## Material supplied
::::

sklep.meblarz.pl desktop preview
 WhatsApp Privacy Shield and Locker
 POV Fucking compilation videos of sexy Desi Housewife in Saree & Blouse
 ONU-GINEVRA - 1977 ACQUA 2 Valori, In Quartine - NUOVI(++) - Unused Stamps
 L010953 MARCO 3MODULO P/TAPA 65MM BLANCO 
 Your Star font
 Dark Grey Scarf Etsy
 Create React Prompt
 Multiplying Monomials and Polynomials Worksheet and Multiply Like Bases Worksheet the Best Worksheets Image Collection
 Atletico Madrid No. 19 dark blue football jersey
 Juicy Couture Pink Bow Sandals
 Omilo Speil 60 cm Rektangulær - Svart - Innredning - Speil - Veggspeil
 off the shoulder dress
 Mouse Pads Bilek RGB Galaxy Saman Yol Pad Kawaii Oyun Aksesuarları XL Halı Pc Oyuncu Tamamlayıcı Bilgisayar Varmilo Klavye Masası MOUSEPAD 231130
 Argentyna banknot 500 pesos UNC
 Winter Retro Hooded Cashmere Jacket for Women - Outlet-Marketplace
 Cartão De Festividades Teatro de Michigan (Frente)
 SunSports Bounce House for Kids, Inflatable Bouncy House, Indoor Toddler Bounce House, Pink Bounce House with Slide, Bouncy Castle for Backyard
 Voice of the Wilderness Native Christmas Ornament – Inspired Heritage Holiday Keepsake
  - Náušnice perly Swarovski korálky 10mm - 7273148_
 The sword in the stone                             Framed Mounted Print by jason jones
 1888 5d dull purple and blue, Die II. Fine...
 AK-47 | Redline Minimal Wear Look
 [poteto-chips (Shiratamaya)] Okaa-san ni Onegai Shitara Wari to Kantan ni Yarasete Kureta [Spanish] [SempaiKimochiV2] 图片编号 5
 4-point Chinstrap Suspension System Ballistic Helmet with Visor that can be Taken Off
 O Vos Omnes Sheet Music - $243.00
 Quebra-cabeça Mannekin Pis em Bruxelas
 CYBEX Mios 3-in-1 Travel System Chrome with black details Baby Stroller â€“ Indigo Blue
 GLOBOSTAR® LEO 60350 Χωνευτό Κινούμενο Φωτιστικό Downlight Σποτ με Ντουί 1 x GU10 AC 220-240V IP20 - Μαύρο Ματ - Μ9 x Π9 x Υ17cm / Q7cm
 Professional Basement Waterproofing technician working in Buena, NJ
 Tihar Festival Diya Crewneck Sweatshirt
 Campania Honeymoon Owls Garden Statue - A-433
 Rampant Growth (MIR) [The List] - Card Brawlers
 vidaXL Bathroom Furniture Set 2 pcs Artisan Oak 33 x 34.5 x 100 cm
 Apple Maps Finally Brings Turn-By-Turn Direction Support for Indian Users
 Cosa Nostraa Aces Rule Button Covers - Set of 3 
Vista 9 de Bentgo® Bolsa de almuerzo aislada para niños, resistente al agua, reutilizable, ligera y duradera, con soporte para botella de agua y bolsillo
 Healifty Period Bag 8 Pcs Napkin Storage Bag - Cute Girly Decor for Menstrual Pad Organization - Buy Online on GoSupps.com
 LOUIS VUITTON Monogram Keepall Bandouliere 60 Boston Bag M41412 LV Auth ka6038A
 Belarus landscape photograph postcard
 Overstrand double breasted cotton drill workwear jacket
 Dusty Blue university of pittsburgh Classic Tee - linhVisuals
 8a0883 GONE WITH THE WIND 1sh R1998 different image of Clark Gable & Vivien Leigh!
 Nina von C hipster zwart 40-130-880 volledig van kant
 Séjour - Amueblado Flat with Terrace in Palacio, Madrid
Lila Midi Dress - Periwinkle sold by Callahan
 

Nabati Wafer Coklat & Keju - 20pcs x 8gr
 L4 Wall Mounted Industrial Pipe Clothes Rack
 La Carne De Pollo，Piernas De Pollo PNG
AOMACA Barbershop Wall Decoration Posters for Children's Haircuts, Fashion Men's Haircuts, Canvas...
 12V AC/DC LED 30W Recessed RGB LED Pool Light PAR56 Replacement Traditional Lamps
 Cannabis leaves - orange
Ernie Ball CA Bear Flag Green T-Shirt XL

::::

## Problem statement
Give again, exactly and with nothing added, the lines running from the one that contains "Dusty Blue university" to the last line of the material.

## Output below
 Dusty Blue university of pittsburgh Classic Tee - linhVisuals
 8a0883 GONE WITH THE WIND 1sh R1998 different image of Clark Gable & Vivien Leigh!
 Nina von C hipster zwart 40-130-880 volledig van kant
 Séjour - Amueblado Flat with Terrace in Palacio, Madrid
Lila Midi Dress - Periwinkle sold by Callahan
 

Nabati Wafer Coklat & Keju - 20pcs x 8gr
 L4 Wall Mounted Industrial Pipe Clothes Rack
 La Carne De Pollo，Piernas De Pollo PNG
AOMACA Barbershop Wall Decoration Posters for Children's Haircuts, Fashion Men's Haircuts, Canvas...
 12V AC/DC LED 30W Recessed RGB LED Pool Light PAR56 Replacement Traditional Lamps
 Cannabis leaves - orange
Ernie Ball CA Bear Flag Green T-Shirt XL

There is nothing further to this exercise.